DATA PROVIDED.
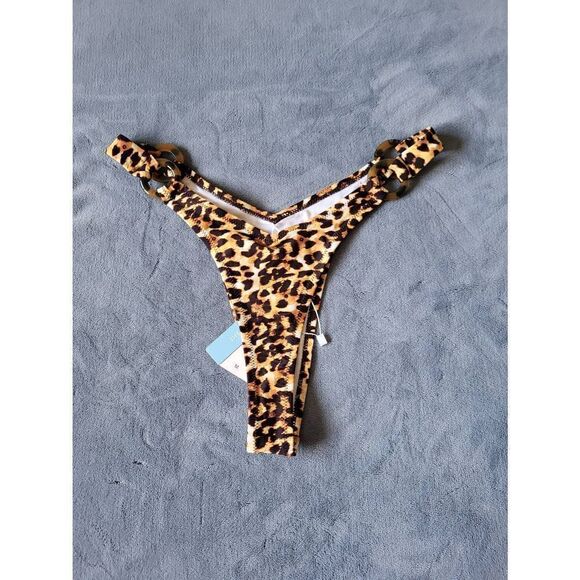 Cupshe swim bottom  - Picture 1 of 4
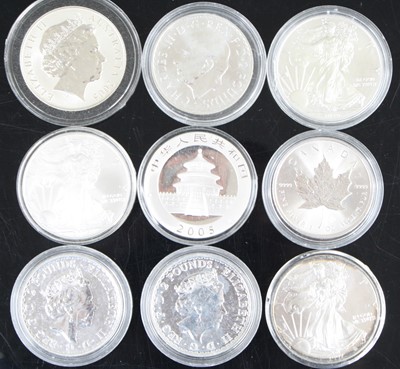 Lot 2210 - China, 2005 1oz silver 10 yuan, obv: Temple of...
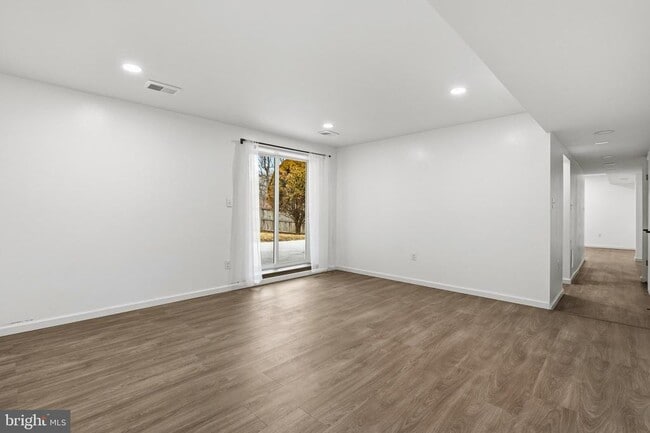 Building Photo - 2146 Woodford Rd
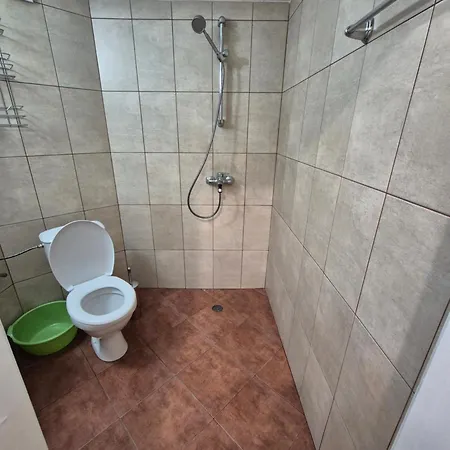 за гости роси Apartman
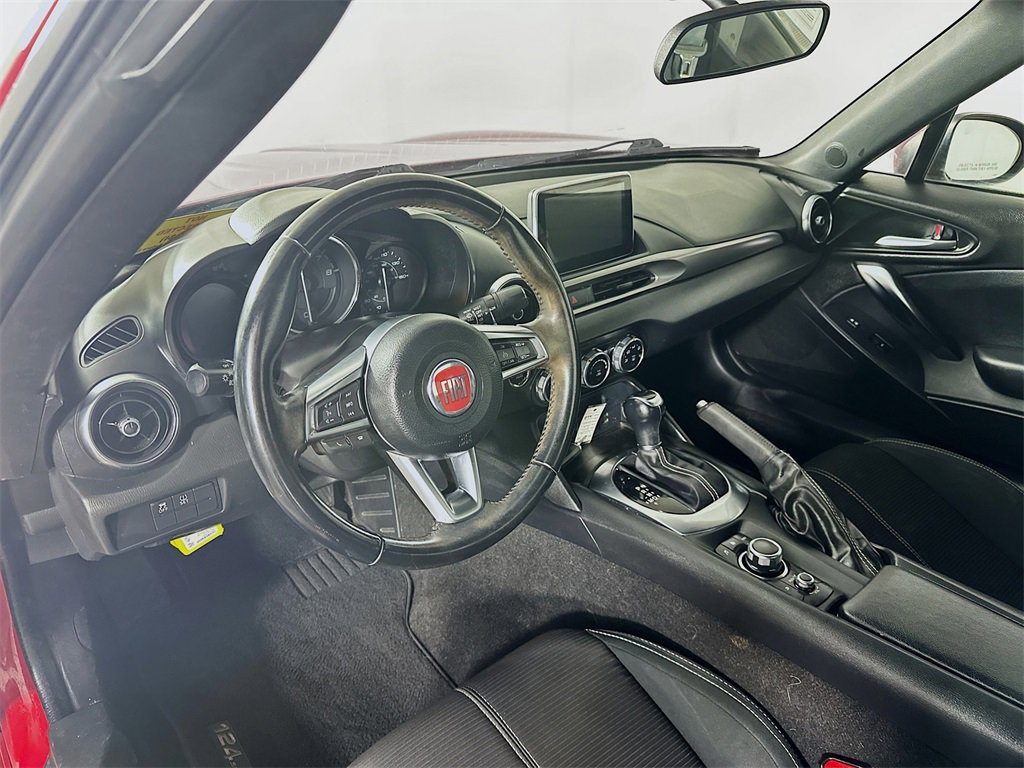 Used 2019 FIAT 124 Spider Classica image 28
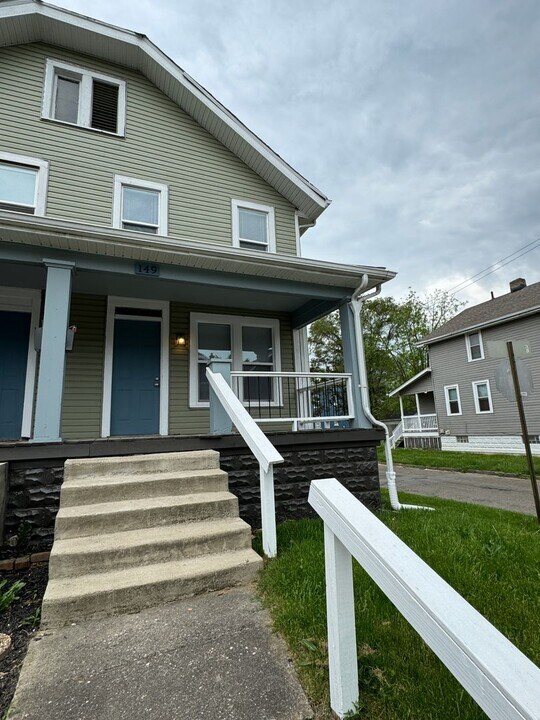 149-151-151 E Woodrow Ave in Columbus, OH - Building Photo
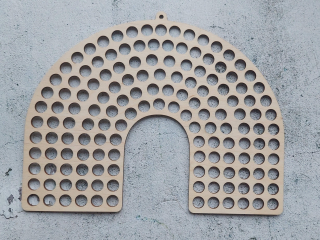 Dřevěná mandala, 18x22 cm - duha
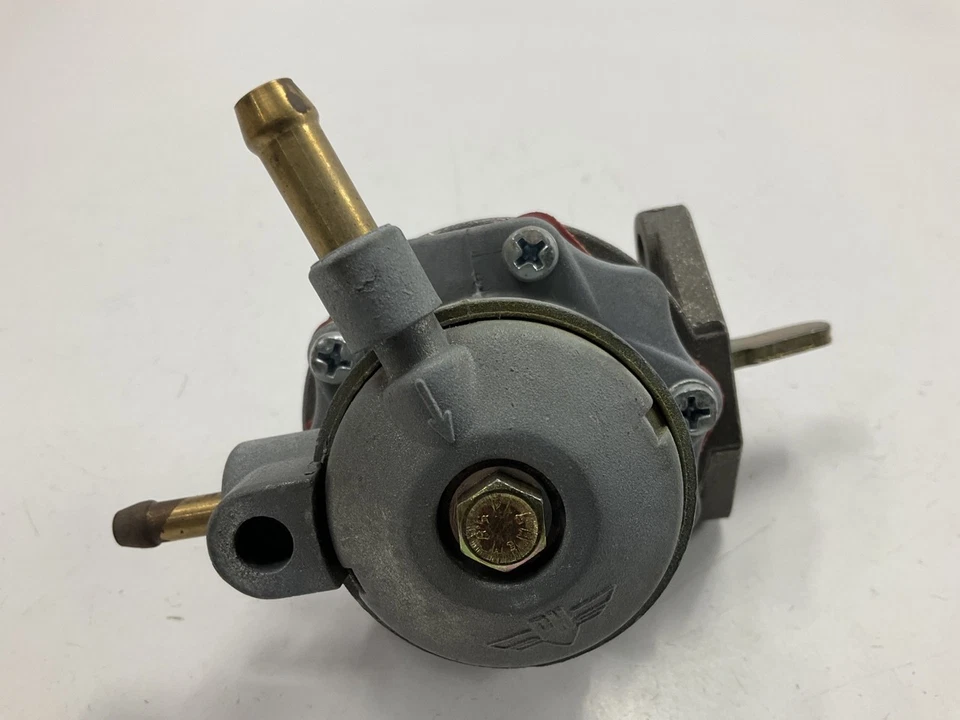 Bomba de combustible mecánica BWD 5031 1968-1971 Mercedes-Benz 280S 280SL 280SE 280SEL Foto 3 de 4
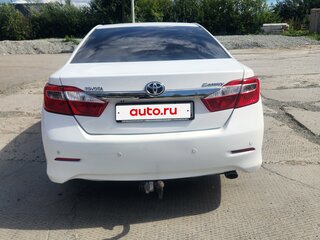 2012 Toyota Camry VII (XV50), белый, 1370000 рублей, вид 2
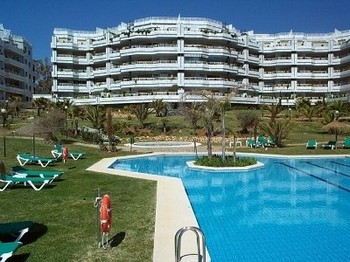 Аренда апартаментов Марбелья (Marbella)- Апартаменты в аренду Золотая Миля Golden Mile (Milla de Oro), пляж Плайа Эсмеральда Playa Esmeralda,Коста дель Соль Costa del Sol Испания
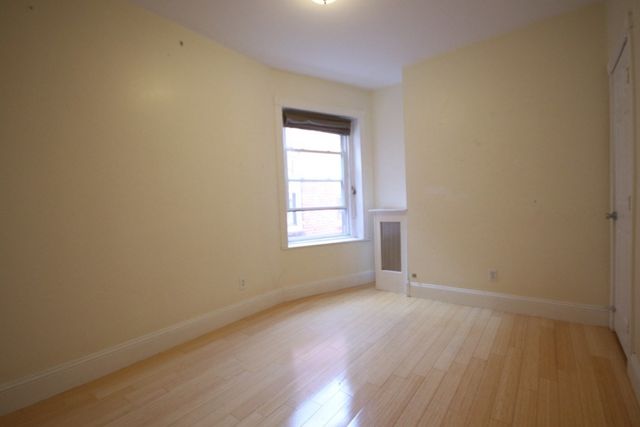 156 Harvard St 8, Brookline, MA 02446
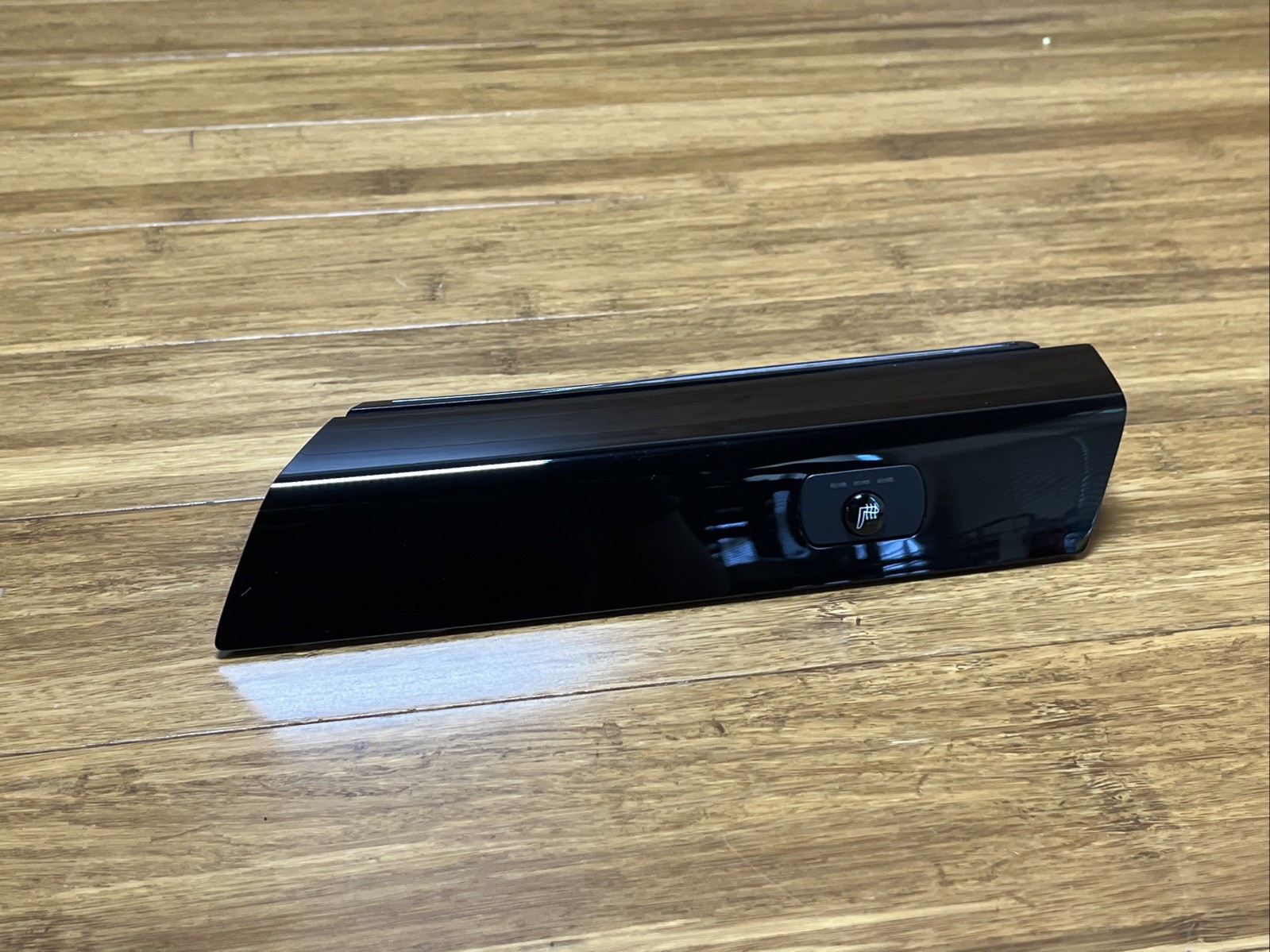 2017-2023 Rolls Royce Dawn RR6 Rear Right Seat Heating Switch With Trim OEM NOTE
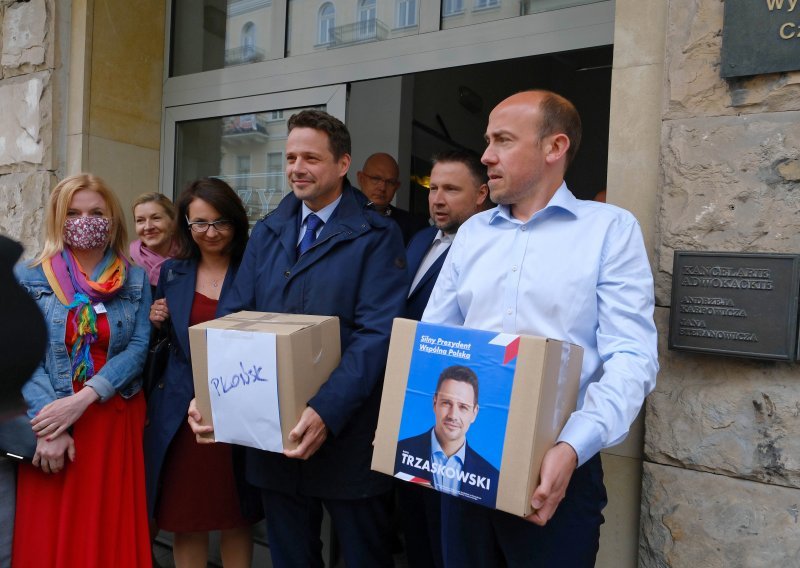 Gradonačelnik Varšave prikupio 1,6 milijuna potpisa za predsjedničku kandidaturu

BRIEF. Repeat exactly the stretch of the listing above that starts with the line holding "за гости роси Apartman" and finishes with the line holding "2012 Toyota Camry", both included. Skip every picture.

EXPECTED OUTPUT.
 за гости роси Apartman
 Used 2019 FIAT 124 Spider Classica image 28
 149-151-151 E Woodrow Ave in Columbus, OH - Building Photo
 Dřevěná mandala, 18x22 cm - duha
 Bomba de combustible mecánica BWD 5031 1968-1971 Mercedes-Benz 280S 280SL 280SE 280SEL Foto 3 de 4
 2012 Toyota Camry VII (XV50), белый, 1370000 рублей, вид 2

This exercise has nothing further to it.